One of the serious issues facing families of adults with autism is how to help an autistic person recognize and deal with health related issues. Because I am always in physical pain and discomfort is a constant in my life, it is challenging for me to recognize when a pain is something important. I have severe back pain and was even in a back brace as a teenager. I also have other injuries dating back to birth which cause shoulder and hip pain. For as long as I can remember, I have had headaches and migraines.
With my complicated physical situation, a few years ago I failed to recognize my vision was failing due to base membrane dystrophy. I thought the headaches were the familiar migraines. Once I had eye surgery, I thought pain and dizziness were the aftereffects and ended up hospitalized for internal bleeding instead. Over the years I have failed to recognize broken bones, bruised ribs, and even a serious hernia. Too often I cannot pinpoint the source of pain or its original cause.
It is understandable that my wife worries about me and she is not nearby. I know that I am not able to analyze my physical well-being. I do not understand why I am not feeling well and what actions I should take to solve problems. It turns out that aspirin does not solve every problem.
As I consider my own experiences, I do not know what the best advice is for other families. I rely on my wife, my mother, and other family members to help me recognize when I should see a doctor and even which type of doctor I should be calling. I doubt I could maintain my health living on my own if I did not talk to my wife on a nightly basis. Admittedly, even talking to her I have probably made some mistakes over the last few months.

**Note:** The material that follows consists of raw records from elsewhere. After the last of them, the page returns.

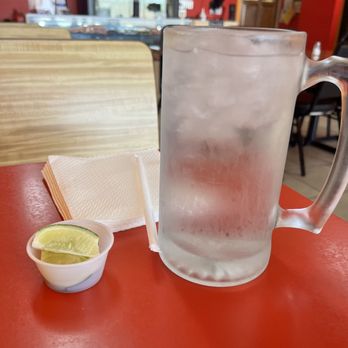 El Hidalguense Restaurant - Very large drinks, even water - Mexican Near Me - Grand Prairie, Texas El Hidalguense Restaurant - Very large drinks, even water - Mexican Near Me - Grand Prairie, Texas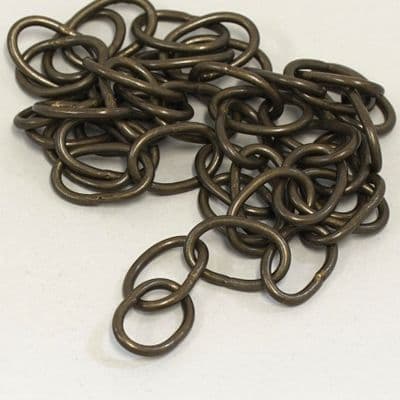 Brass Oval Lighting Chain Large - Old English finish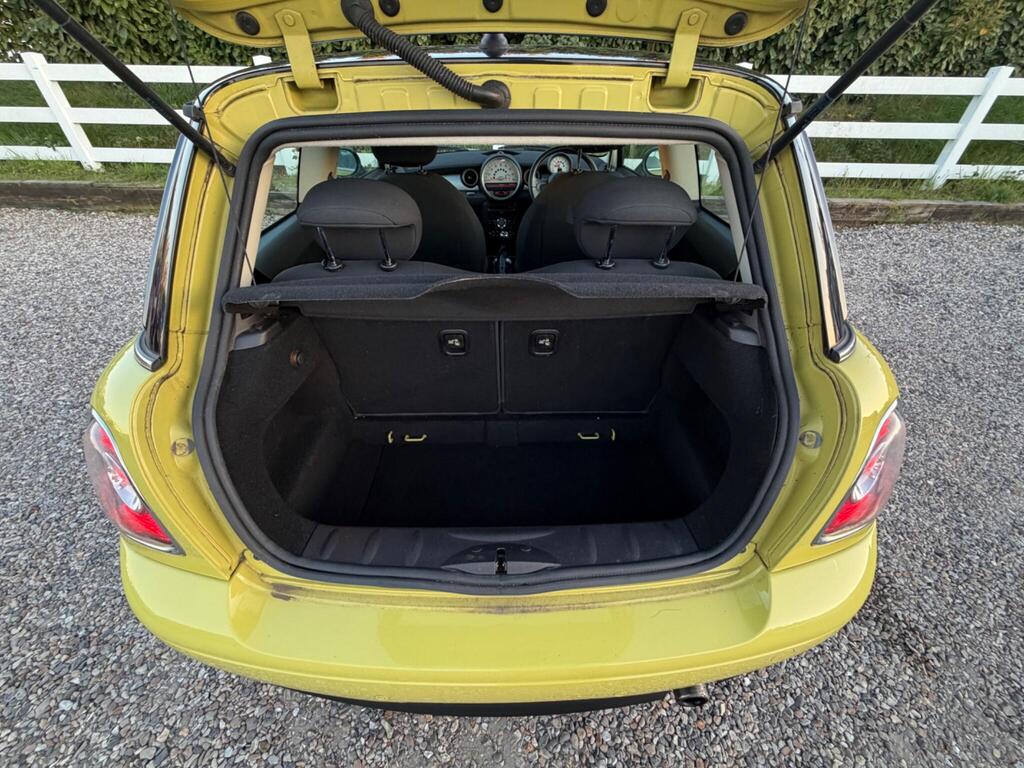 2010 MINI Hatch thumbnail 26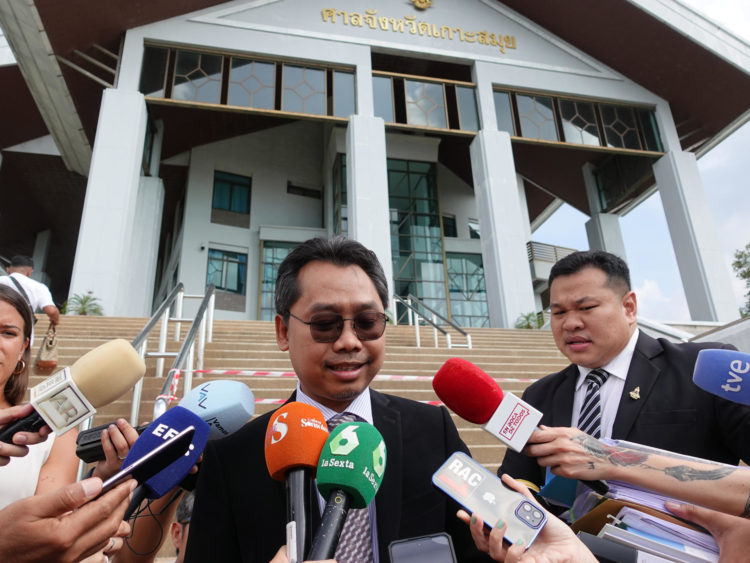 Una fotografía de archivo del abogado de oficio a cargo del caso del español Daniel Sancho, Apirchat Srinual, atiende a los medios en el tribunal de Samui en Tailandia el pasado mayo. EFE/ Sitthipong Charoenjai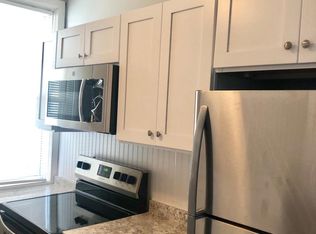 179 Dean St #1, Providence, RI 02903
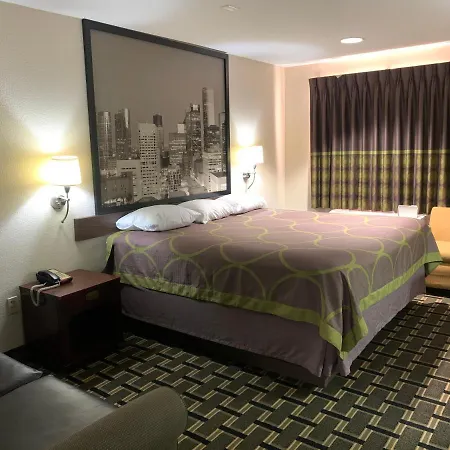 Super 8 By Wyndham Baytown I-10-2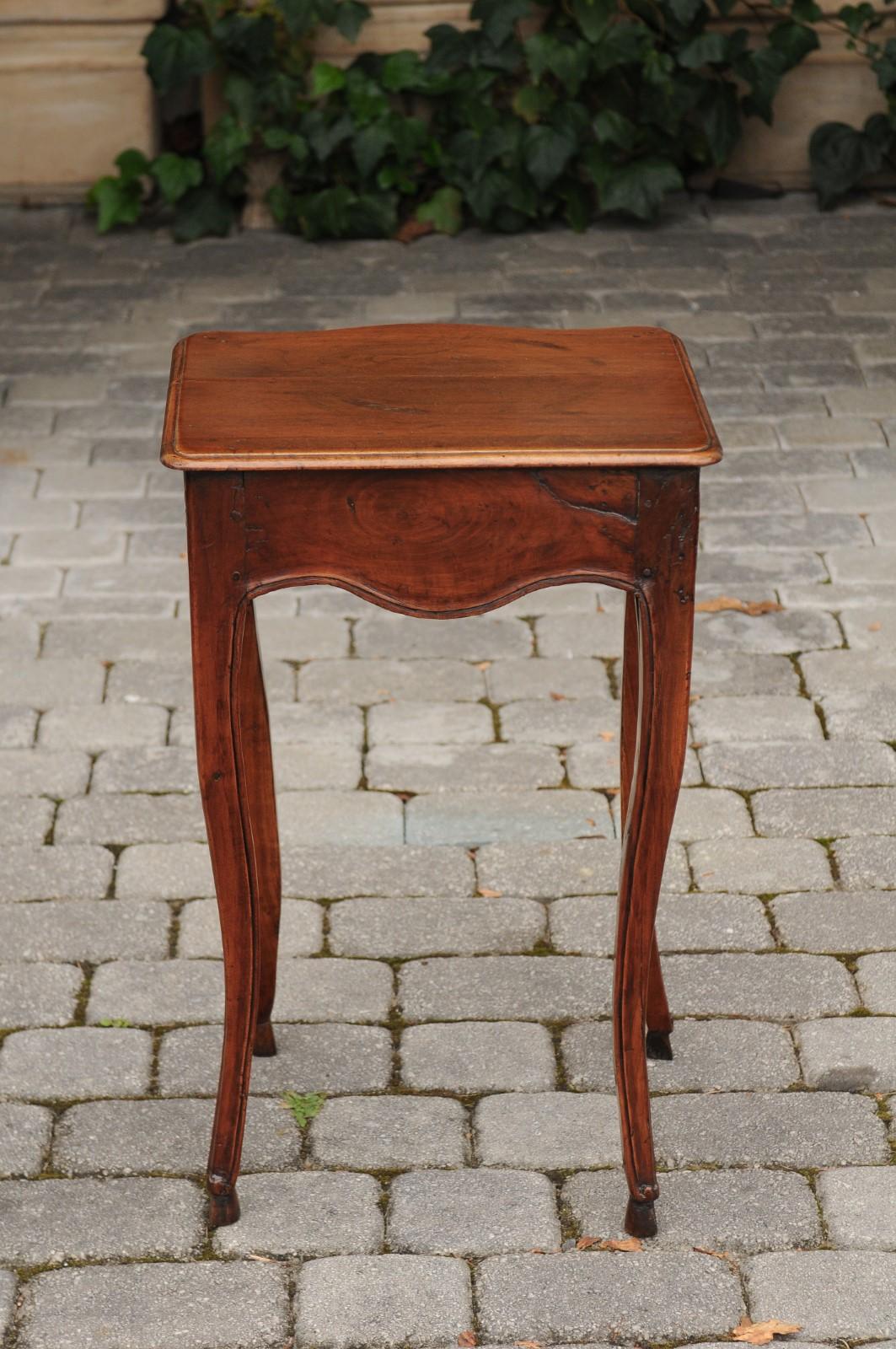 French Louis XV Style 1800s Walnut Side Table with Scalloped Apron and Drawer 7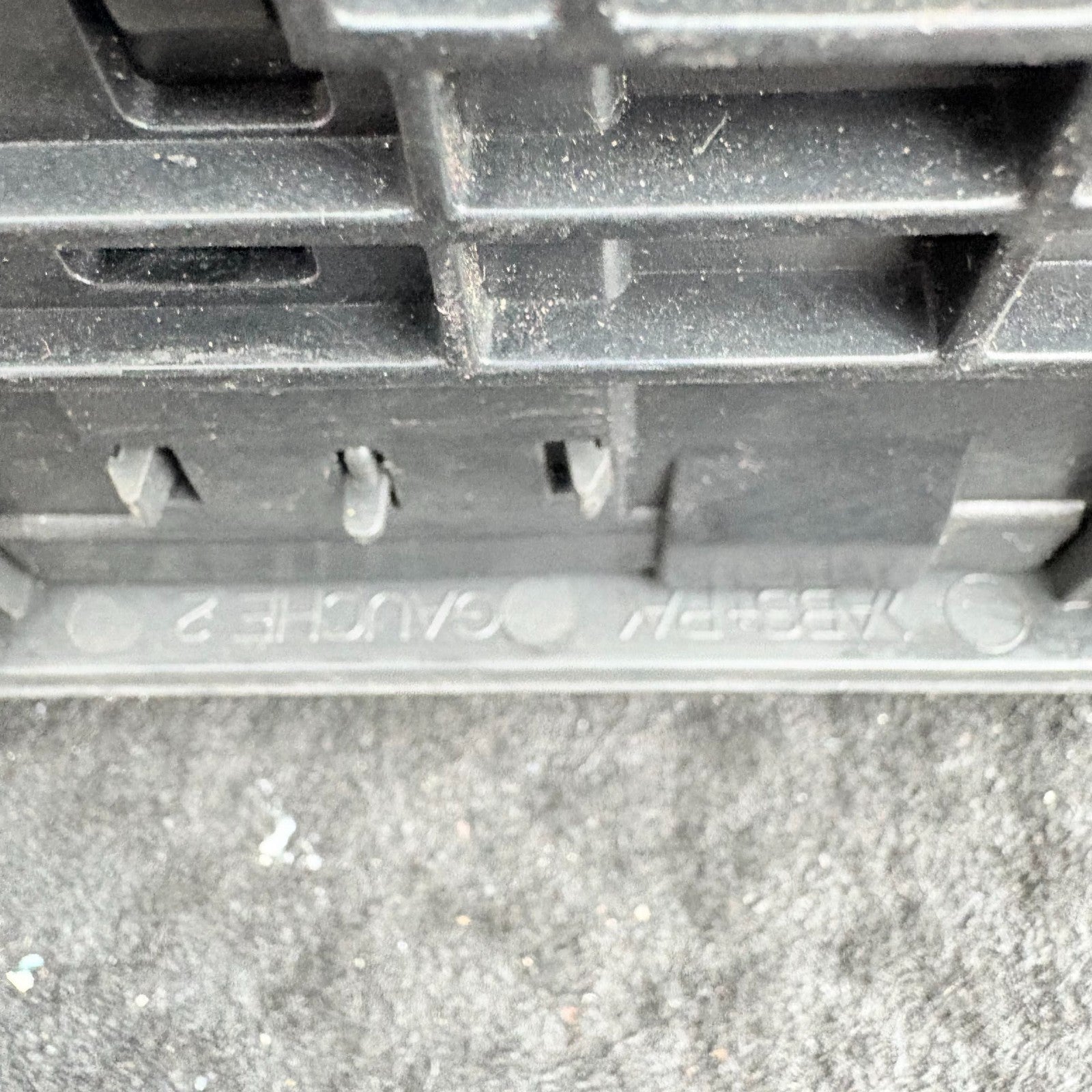 Citroen C4 Mk1 2004-2010 Left Passenger Dash Air Vent Storage 9646338077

Last night my eyes hurt a great deal. I had to decide if the pain was a response to lights at night, a physical tear in the eye, or the start of a migraine. I cannot easily determine when eye pain is a result of the membrane tearing because lights can actually hurt more than a physical injury. That seems to be impossible to explain to the ophthalmologist. All I know is that my eyes really hurt.

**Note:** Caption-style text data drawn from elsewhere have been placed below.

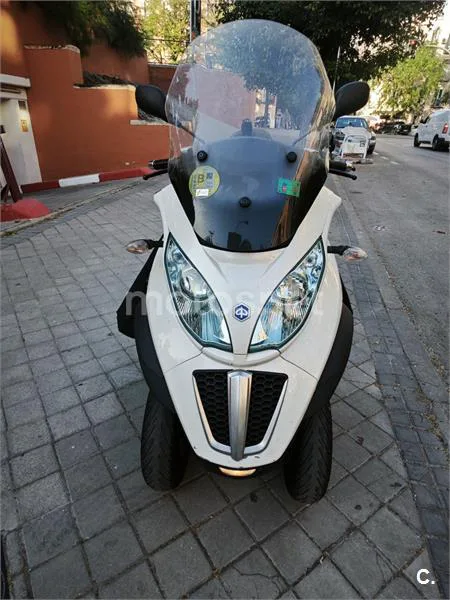 Piaggio MP3 500 LT Business – Vista 2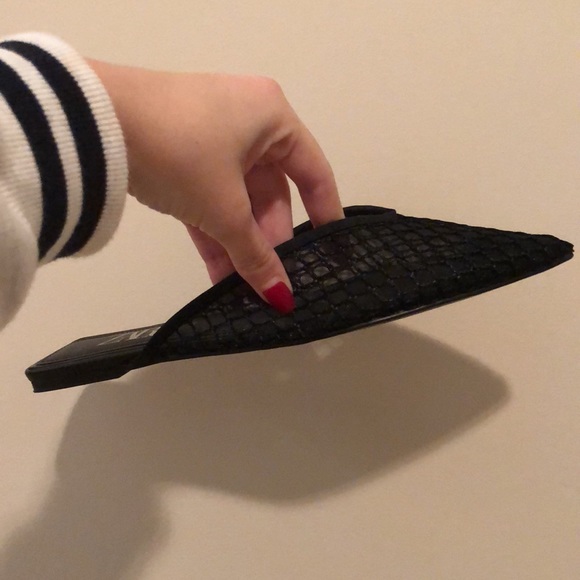Zara Flats - Picture 3 of 5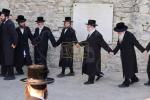 כ"ק אדמו"ר מבוהוש שליט"א ביים מתפלל זיין ביים ציון הקדוש אין ליסקא  און ביי די שוהל פון אדמור"י ליסקא זי"ע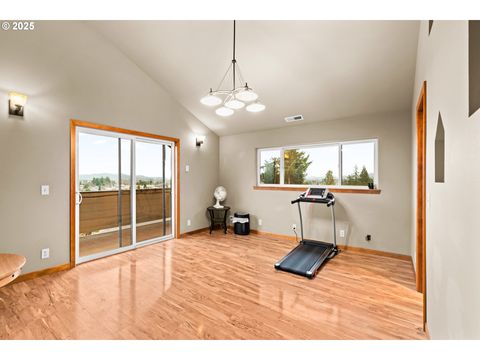 Tiny photo for 747 Holbrook Ln, Creswell, OR 97426 (MLS # 119032315)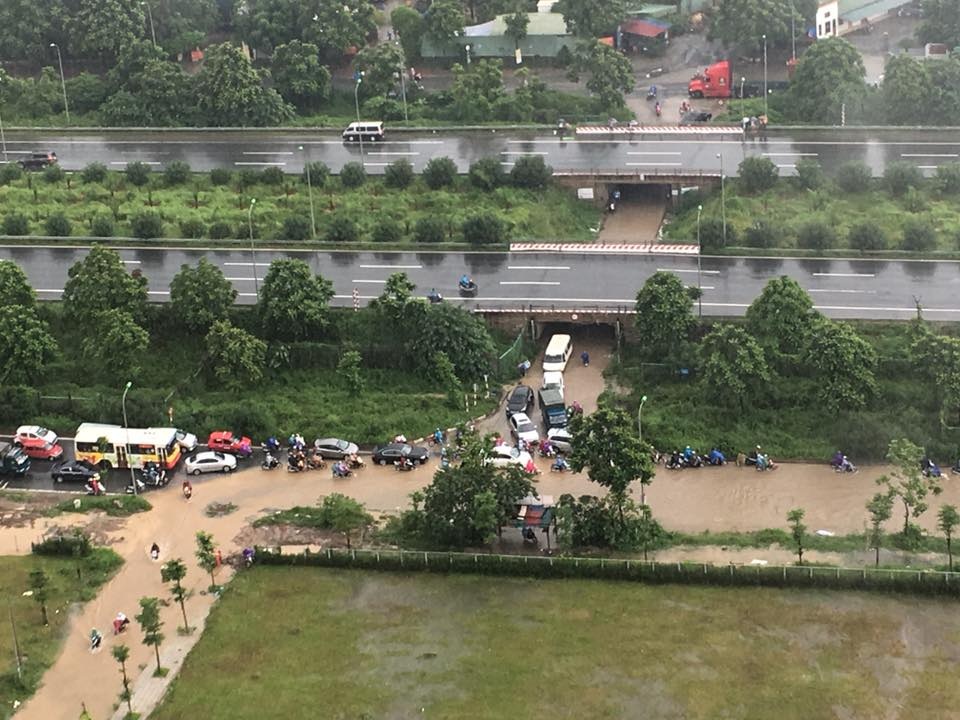 Hàng nghìn người vật vã "lội sông" trên đại lộ hiện đại nhất Việt Nam - 1 Cơn mưa lớn rạng sáng ngày 13/7, đã khiến cho nhiều đoạn đường ở Hà Nội ngập nặng. Tại nút giao Thiên Đường Bảo Sơn với Đại lộ Thăng Long đến khoảng 10h sáng vẫn trong tình trạng ngập úng nghiêm trọng. Hàng đoàn ô tô, xe máy xếp hàng dài khoảng 2km, nối đuôi nhau trên đại lộ. Việc đi lại của người dân gặp nhiều khó khăn.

Truly independent living scares me. I believe I will always need someone to help determine when I should seek expert help. Thankfully, I have a wonderful life. If I did not, I believe it would be necessary to hire a personal assistant simply to have a "normal" person present who could help analyze situations. As it is, coworkers often point out when I am walking unsteadily, trembling, or in some other way seem distressed. It is as if I am unaware of my own physical limitations or what my body is experiencing at any given moment.
Some experts claim that autism is the inability to understand the internal thoughts of others. I wonder if my autistic traits include a failure to understand my own experiences, especially an inability to interpret pain and discomfort.